Marketing: We will not use your personal information to market goods or services without your express consent. If you do provide consent, you may opt out of receiving marketing communications at any time by notifying us in writing or using the unsubscribe function provided in those communications. 

Data security and retention

We will take reasonable steps to ensure that the personal information we hold is accurate, complete, up to date, and relevant. We implement robust technical and administrative measures to protect personal information from misuse, interference, loss, and unauthorised access, modification, or disclosure. These measures include:

  • secure electronic medical record systems with role-based access controls

  • regular staff training on privacy and data protection

  • a robust cybersecurity framework

  • regular audits and updates to our software and cybersecurity measures

Personal information is retained in accordance with applicable legal, regulatory, and professional obligations.

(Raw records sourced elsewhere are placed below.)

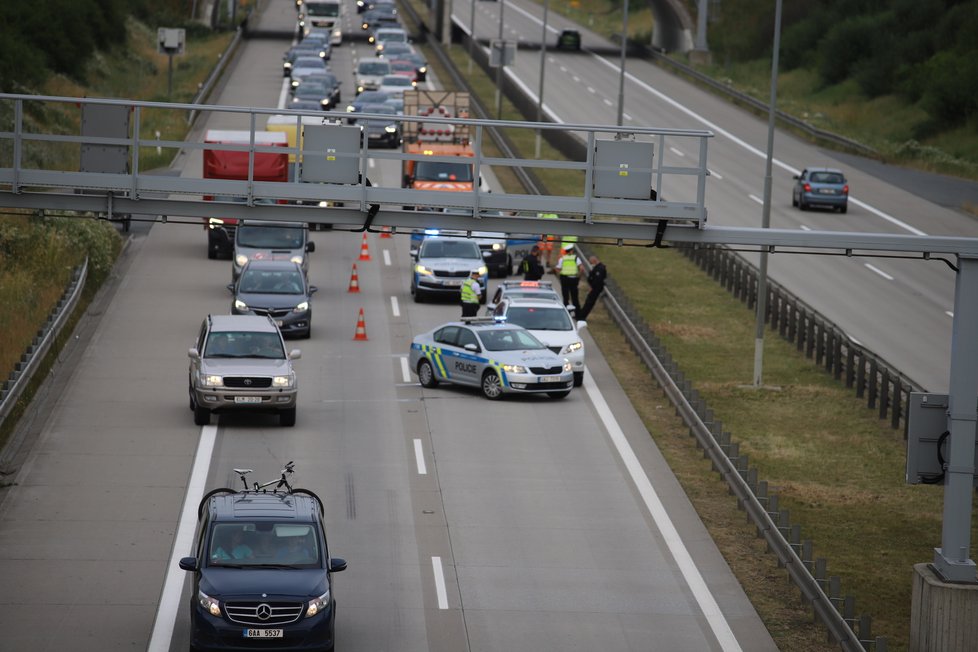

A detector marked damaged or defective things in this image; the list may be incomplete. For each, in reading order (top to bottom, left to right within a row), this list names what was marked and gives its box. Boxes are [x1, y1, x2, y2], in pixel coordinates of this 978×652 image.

damaged police car [408, 316, 576, 398]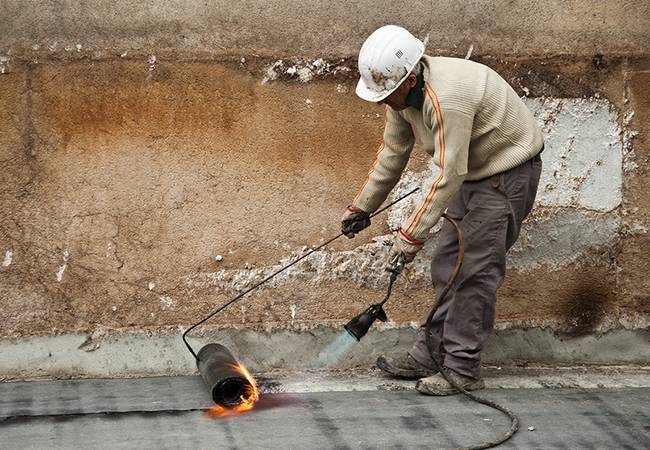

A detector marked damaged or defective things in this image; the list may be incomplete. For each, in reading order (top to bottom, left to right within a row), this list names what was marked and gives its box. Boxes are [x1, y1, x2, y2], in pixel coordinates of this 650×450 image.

cracked wall surface [0, 4, 644, 366]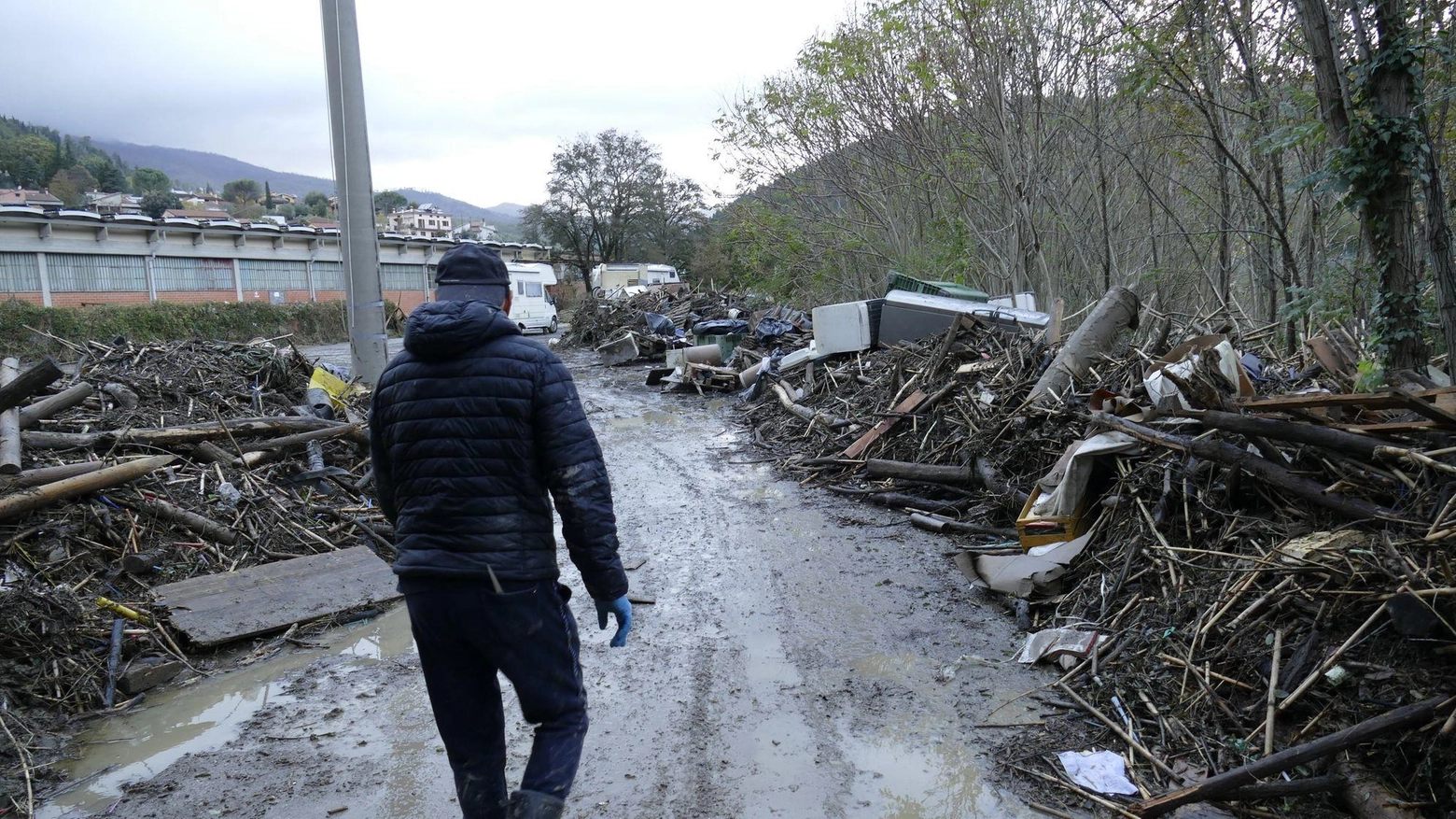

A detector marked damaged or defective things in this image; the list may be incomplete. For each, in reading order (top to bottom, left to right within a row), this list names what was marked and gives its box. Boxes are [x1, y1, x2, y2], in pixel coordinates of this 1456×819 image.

broken wooden board [850, 388, 926, 460]
broken wooden board [152, 547, 399, 643]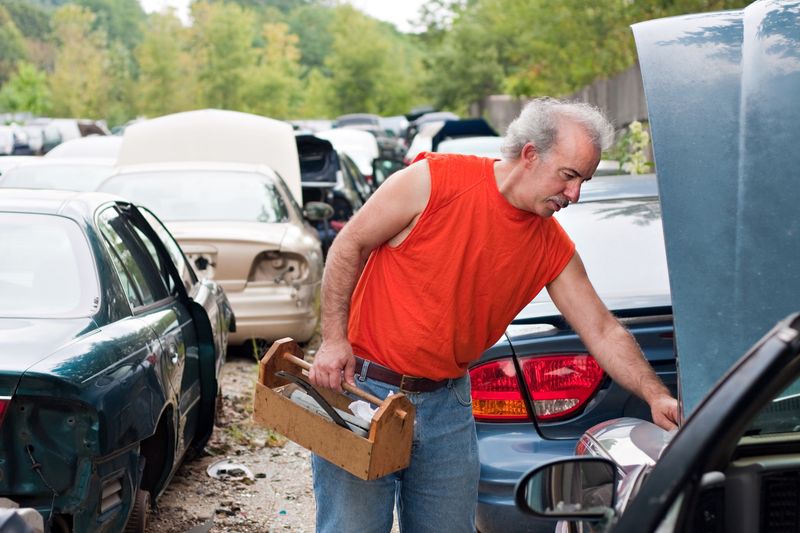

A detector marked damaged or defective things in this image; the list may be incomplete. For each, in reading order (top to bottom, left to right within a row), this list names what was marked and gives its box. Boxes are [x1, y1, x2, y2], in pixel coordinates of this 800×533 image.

beige damaged car [98, 110, 330, 348]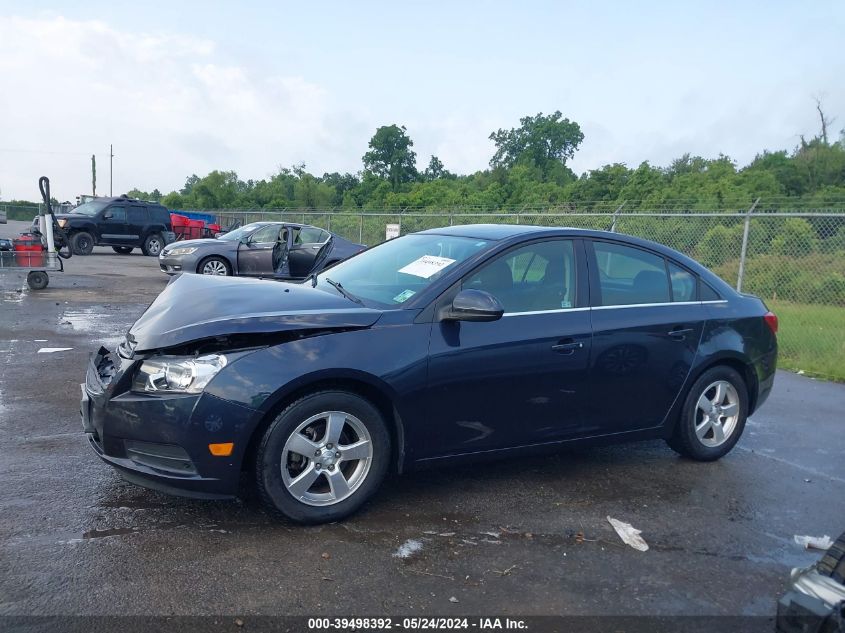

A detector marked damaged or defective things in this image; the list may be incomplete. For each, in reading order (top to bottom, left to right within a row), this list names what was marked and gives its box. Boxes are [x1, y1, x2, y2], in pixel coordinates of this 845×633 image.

crumpled hood [126, 272, 382, 350]
damaged front bumper [84, 346, 260, 498]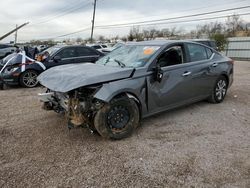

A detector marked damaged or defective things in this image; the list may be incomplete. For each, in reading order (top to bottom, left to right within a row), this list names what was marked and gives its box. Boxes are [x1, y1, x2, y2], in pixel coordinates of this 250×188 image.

crumpled hood [37, 63, 134, 92]
damaged front end [38, 85, 104, 131]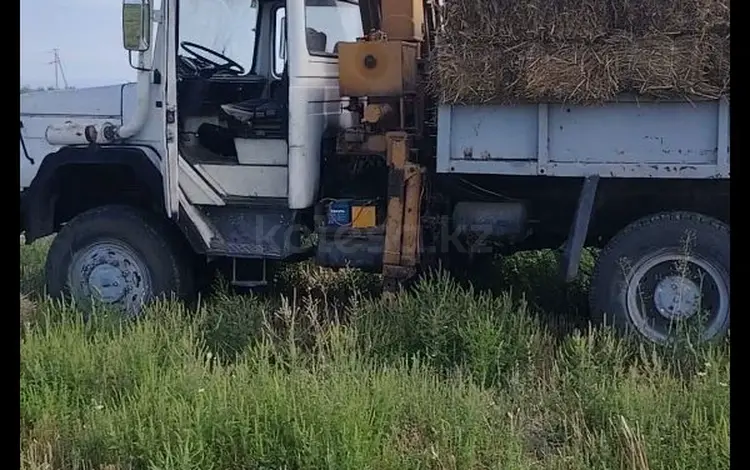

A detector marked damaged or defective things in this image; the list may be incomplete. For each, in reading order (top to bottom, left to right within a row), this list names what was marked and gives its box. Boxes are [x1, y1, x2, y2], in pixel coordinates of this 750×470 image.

rusty metal surface [338, 41, 420, 97]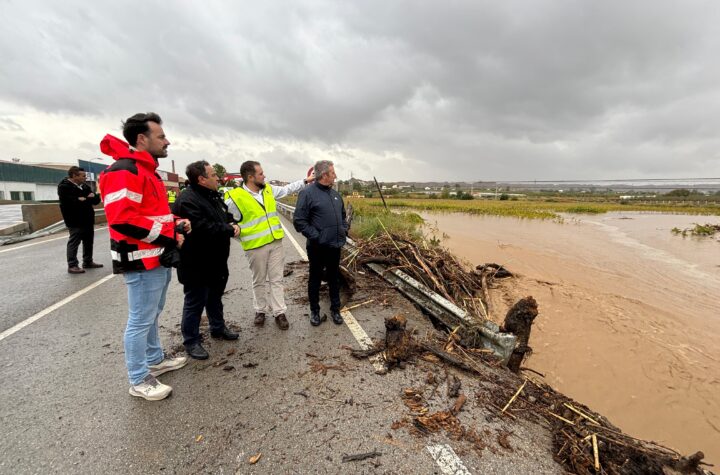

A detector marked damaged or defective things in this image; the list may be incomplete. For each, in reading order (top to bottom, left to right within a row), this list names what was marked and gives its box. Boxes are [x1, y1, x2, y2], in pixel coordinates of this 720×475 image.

broken guardrail section [276, 204, 516, 364]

Once information is no longer required for the purpose for which it was collected, and the minimum retention period has passed, it will be securely destroyed or de-identified in accordance with privacy legislation.

Access to and correction of information

You have the right to access your personal information. To request access or corrections, please contact our Practice Manager in writing.

We will respond within 30 days. A small fee may apply to cover administrative costs (but you will not be charged for making the request).

We will respond to such requests in accordance with applicable privacy principles and legislation.

Privacy enquiries and complaint

If you have any questions or concerns about how your personal information is handled or want to request access to or correction of your information, please contact:

The Practice Manager
Your Dermatologist
Shop 2, Ground Level

89 Lytton Road
East Brisbane QLD 4169
Ph: (07) 3872 3535
practicemanager@yourderm.com.au

If you are not satisfied with our response, you may contact the Office of the Australian Information Commissioner (OAIC)

Website: www.oaic.gov.au
Phone: 1300 363 992

Policy review statement

This Privacy Policy was created on 21 January 2026. We review this policy at least annually, and more frequently if there are changes to our operations, relevant legislation, or technology. Significant changes may be communicated to patients via email, in-practice notices, or on our website.